We all suffer when we are unwell with an infection, but people with dementia often struggle far more because they cannot articulate how they feel, what help they need or the treatments that they would want. In those circumstances they need particularly specialised care delivered by knowledgeable and sympathetic professionals, whose priority is to give that person the most effective care possible so that they have the best chance of recovery.

Sadly some illnesses are too severe to recover from – the last pneumonia my father had was one too many for his frail body and led to a slow decline until he passed away a month later. We always knew the day would come when he could no longer fight, and given his physical frailties and propensity for chest infections, it was highly likely that pneumonia would end his life. Understandably, having worked this out many years before he passed away, every time he was ill that chilling realisation that this could be his last fight loomed large on the horizon.
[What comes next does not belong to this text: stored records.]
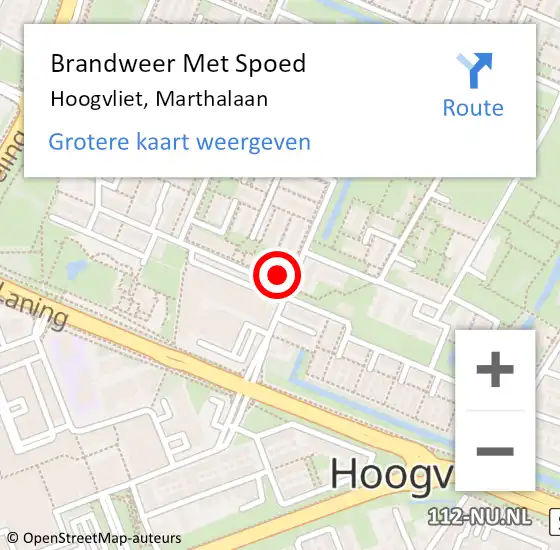 Locatie op kaart van de 112 melding: Brandweer Met Spoed Naar Hoogvliet, Marthalaan op 23 juli 2023 14:55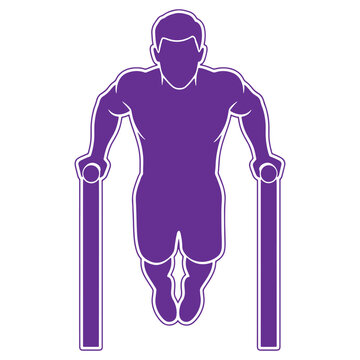 Silhouette of an athlete performing pullups on parallel bars in a fitness setting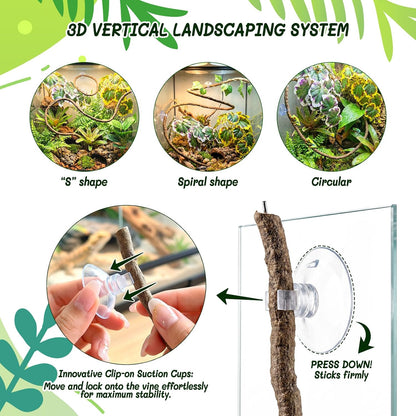3PC Reptile Terrarium Habitat Decor Kit – Realistic Artificial Reptile Plants with Hanging Vine, Resin Stone Base – Jungle Rainforest Habitat & Climbing for Lizard & Amphibians (Syngonium)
Of course you never know when these illnesses will strike – my dad had severe infections in the summer as well as the winter - but I know that the majority of carers are fearful of winter ills the most. They often hit our elderly, vulnerable loved ones the hardest, and not just in care homes either – many people living in their own homes struggle to keep warm enough and become more susceptible to respiratory problems as a result. So whilst us younger people are all striving to keep ourselves well, spare a thought for all those carers with frail relatives for whom this is a particularly worrying time of year. If anything persuades you to be mindful of good hand hygiene and infection control, I hope that preserving the wellbeing of our most vulnerable people is it.